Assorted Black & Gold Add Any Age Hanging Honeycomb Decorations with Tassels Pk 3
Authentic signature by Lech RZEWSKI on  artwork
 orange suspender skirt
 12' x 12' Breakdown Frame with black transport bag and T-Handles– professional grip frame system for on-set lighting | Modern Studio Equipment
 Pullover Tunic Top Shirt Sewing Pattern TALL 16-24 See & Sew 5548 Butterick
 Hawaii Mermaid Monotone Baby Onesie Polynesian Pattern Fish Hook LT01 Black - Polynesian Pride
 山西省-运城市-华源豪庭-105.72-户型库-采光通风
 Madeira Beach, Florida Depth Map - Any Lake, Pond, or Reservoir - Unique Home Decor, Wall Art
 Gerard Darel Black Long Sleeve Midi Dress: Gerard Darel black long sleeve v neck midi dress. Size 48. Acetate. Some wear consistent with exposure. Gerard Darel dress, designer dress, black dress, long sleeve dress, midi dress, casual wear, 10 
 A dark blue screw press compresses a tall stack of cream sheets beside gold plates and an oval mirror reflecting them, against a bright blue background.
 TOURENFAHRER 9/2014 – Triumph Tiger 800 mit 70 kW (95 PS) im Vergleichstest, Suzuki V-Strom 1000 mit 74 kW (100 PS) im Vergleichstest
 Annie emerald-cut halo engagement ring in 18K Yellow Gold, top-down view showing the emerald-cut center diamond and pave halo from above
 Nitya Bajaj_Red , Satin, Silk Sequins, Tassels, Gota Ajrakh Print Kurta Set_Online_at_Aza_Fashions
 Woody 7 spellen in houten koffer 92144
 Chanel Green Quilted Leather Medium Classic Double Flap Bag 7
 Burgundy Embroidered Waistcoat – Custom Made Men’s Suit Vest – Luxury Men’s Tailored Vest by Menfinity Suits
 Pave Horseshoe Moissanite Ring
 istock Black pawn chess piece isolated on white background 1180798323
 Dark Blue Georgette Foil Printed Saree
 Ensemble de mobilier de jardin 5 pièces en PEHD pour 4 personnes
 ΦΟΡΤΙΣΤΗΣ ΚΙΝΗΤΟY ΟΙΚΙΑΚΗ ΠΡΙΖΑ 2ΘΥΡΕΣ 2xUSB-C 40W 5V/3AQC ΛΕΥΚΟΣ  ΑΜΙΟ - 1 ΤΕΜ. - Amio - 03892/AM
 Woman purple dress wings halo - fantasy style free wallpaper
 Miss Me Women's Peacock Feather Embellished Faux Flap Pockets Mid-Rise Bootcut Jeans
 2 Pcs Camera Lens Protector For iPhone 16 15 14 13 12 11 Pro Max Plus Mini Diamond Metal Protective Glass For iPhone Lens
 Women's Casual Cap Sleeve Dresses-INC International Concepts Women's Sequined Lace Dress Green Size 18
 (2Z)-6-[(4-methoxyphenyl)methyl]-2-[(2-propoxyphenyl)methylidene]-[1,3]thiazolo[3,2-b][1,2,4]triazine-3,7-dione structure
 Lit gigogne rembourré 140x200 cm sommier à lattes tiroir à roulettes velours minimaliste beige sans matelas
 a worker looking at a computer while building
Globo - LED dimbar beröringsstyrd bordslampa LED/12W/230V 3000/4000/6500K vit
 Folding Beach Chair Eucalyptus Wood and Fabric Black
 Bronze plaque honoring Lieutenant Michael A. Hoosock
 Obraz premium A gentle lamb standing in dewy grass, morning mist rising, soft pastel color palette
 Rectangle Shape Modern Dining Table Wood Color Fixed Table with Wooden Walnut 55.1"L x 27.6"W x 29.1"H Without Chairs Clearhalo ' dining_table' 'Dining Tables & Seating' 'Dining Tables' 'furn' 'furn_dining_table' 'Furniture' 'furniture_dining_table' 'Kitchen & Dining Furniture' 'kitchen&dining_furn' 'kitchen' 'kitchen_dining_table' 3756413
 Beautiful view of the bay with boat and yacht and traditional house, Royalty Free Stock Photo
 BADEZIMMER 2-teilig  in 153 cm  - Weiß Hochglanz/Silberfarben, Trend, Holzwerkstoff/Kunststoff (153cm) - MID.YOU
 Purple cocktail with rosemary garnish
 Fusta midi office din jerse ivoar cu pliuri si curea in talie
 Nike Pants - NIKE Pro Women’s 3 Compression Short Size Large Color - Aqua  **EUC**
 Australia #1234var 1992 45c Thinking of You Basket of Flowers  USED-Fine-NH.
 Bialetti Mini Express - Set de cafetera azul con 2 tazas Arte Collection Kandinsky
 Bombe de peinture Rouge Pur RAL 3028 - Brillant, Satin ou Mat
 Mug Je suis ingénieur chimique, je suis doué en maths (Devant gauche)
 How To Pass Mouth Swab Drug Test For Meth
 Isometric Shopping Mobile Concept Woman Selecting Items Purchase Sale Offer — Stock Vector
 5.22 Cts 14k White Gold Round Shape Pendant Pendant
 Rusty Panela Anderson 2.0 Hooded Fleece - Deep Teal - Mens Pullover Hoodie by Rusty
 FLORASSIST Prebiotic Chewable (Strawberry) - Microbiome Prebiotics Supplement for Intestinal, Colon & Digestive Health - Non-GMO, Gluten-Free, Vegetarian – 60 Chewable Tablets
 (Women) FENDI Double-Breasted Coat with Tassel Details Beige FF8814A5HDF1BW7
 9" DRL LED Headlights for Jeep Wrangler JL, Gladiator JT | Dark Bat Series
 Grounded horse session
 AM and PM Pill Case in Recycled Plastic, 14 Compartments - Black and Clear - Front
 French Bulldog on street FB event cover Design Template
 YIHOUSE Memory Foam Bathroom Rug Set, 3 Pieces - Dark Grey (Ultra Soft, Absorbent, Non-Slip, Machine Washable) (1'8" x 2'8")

+++

Requirement
Filter the entries down to the lines with the word "view" in them, and copy those lines.

Expected answer
 Annie emerald-cut halo engagement ring in 18K Yellow Gold, top-down view showing the emerald-cut center diamond and pave halo from above
 Beautiful view of the bay with boat and yacht and traditional house, Royalty Free Stock Photo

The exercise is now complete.